Mosala smiled ironically. “They start from such good intentions, don’t they? They say most people are blind to the world around them: sleepwalkers in a zombie’s routine of mundane work and mind-numbing entertainment. I couldn’t agree more. They say they want everyone on the planet to become ‘attuned’ to the universe we’re living in, and to share the awe they feel when they confront the deep strangeness of it alclass="underline" the dizzying length and time scales of cosmology, the endlessly rich complexities of the biosphere, the bizarre paradoxes of quantum mechanics.
“Well… all of those things inspire awe in me, too—some of the time—but Mystical Renaissance treats that response as an end in itself. And they want science to pull back from investigating anything which gives them a high in its pristine, unexplained state—in case they don’t get the same rush from it, once it’s better understood. Ultimately, they’re not interested in the universe at all—any more than people who romanticize the life of animals into a cartoon world where no blood is spilled… or people who deny the existence of ecological damage, because they don’t want to change the way they live. Followers of Mystical Renaissance only want the truth if it suits them, if it induces the right emotions. If they were honest, they’d just stick a hot wire in their brain at whatever location made them believe they were undergoing a constant mystical epiphany—because in the end, that’s all they’re after.”

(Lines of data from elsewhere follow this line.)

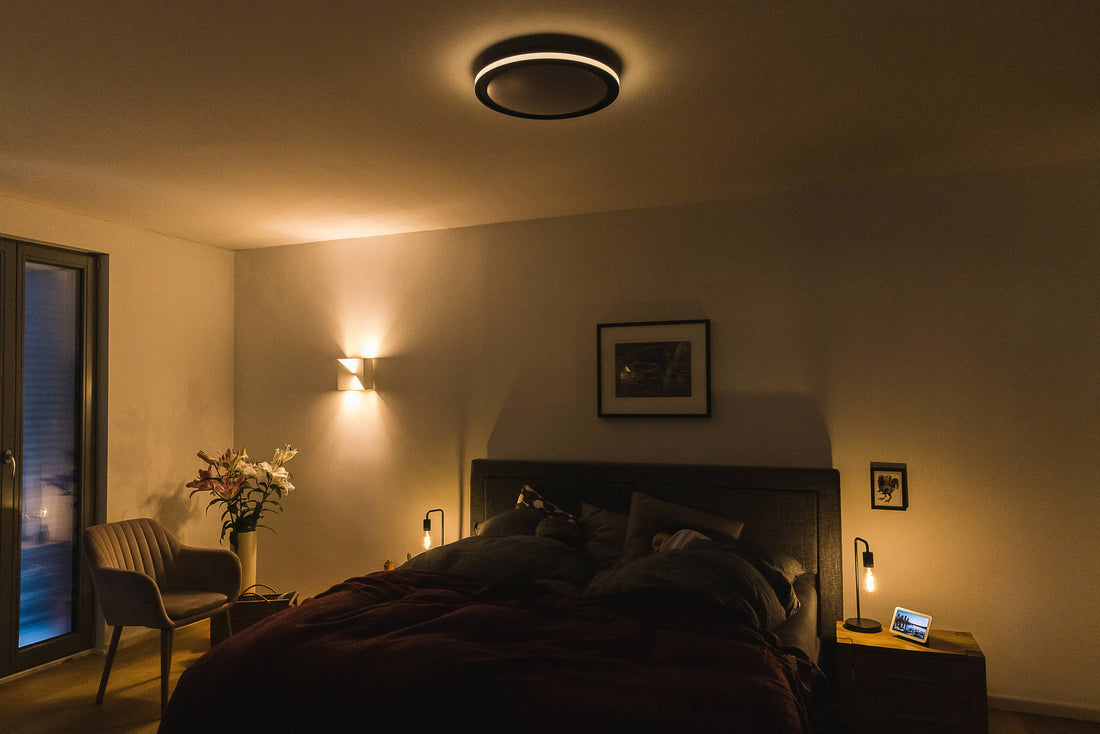 LED-Schlafzimmerbeleuchtung planen
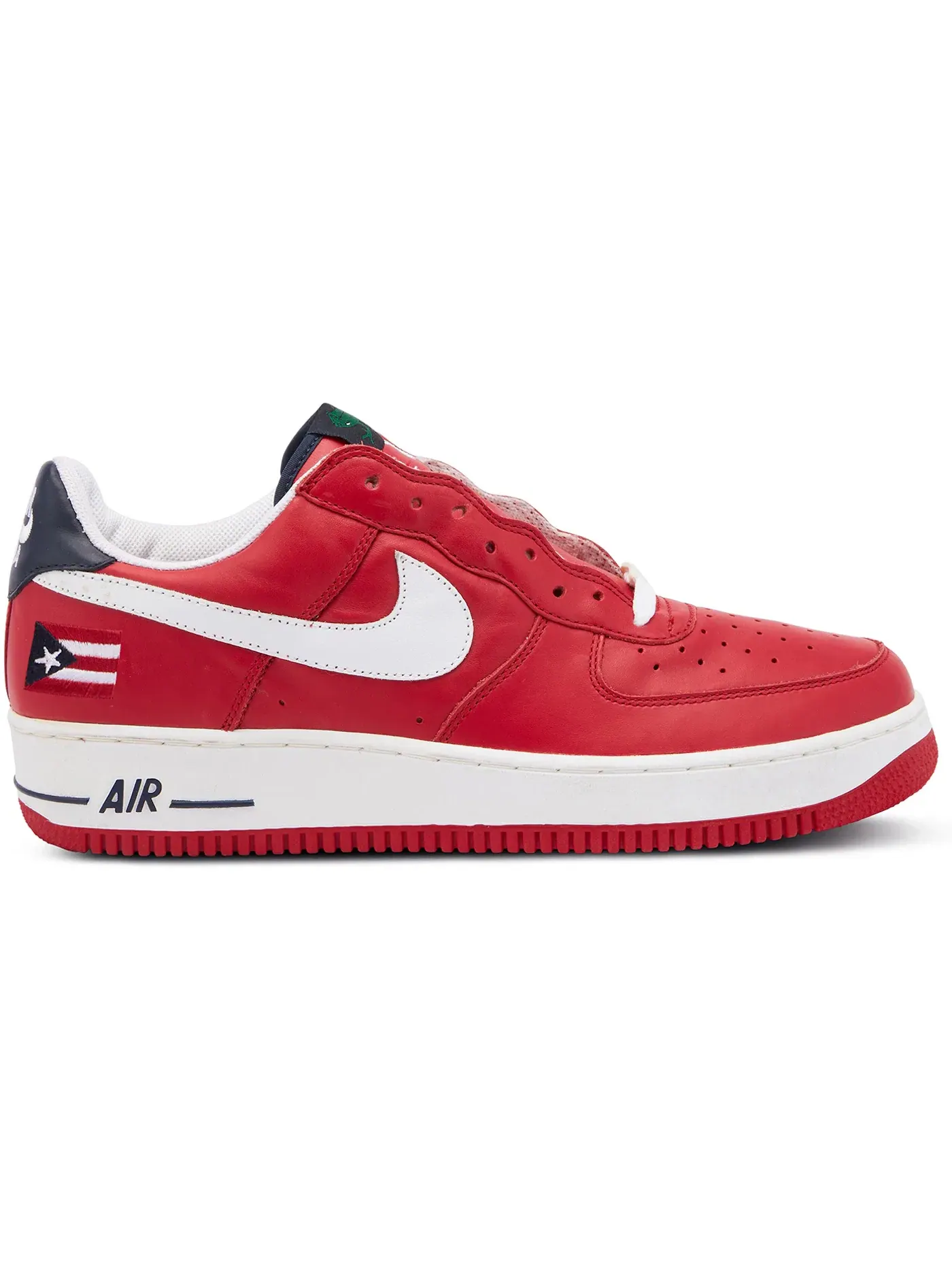 Мужские кроссовки Lifestyle Nike Air Force 1 Low — изображение 1 из 1, красный/белый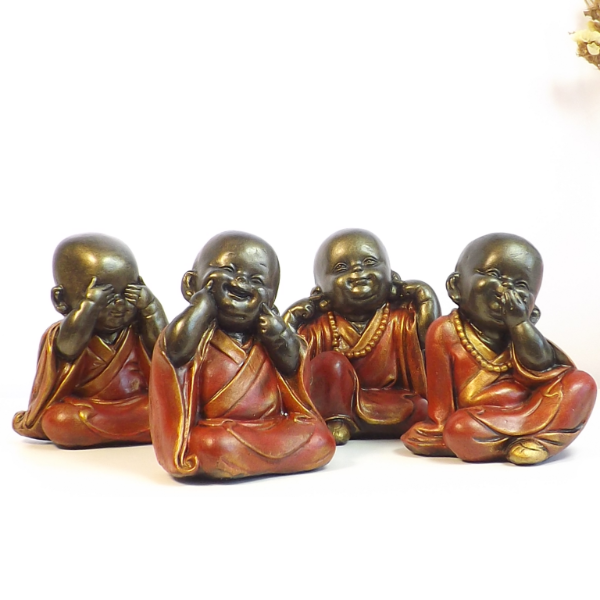 Producto - 4 monjes sabios - CBSM01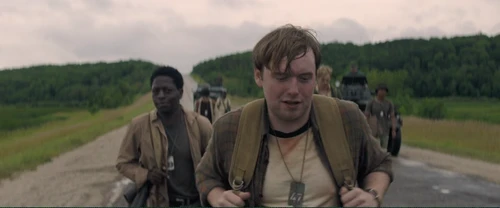 Still frame 99 from The Long Walk (2025) directed by Francis Lawrence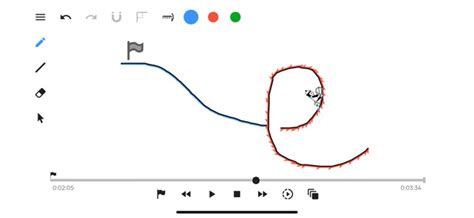Image result for Line Rider Tutorial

This was priceless; no one of Mosala’s stature had ever really let fly against the cults like this. Not on the public record. “Humble Science!?”
Mosala’s eyes flashed with anger. “They’re the worst, by far. The most patronizing, the most cynical. Janet Walsh is just a tactician and a figurehead; most of the real leaders are far better educated. And in their collective wisdom, they’ve decided that the fragile blossom of human culture just can’t survive any more revelations about what human beings really are, or how the universe actually functions.
“If they spoke out against the abuse of biotechnology, I’d back them all the way. If they spoke out against weapons research, I’d do the same. If they stood for some coherent system of values which made the most pitiless scientific truths less alienating to ordinary people… without denying those truths… I’d have no quarrel with them at all.
“But when they decide that all knowledge—beyond a border which is theirs to define—is anathema to civilization and sanity, and that it’s up to some self-appointed cultural elite to generate a set of hand-made ‘life-affirming’ myths to take its place… to imbue human existence with some suitably uplifting—and politically expedient—meaning… they become nothing but the worst kind of censors and social engineers.”
I suddenly noticed that Mosala’s slender arms, spread out on the table in front of her, were trembling; she was far angrier than I’d realized. I said, “It’s almost nine, but we could take this up again after Buzzo’s lecture, if you have time?”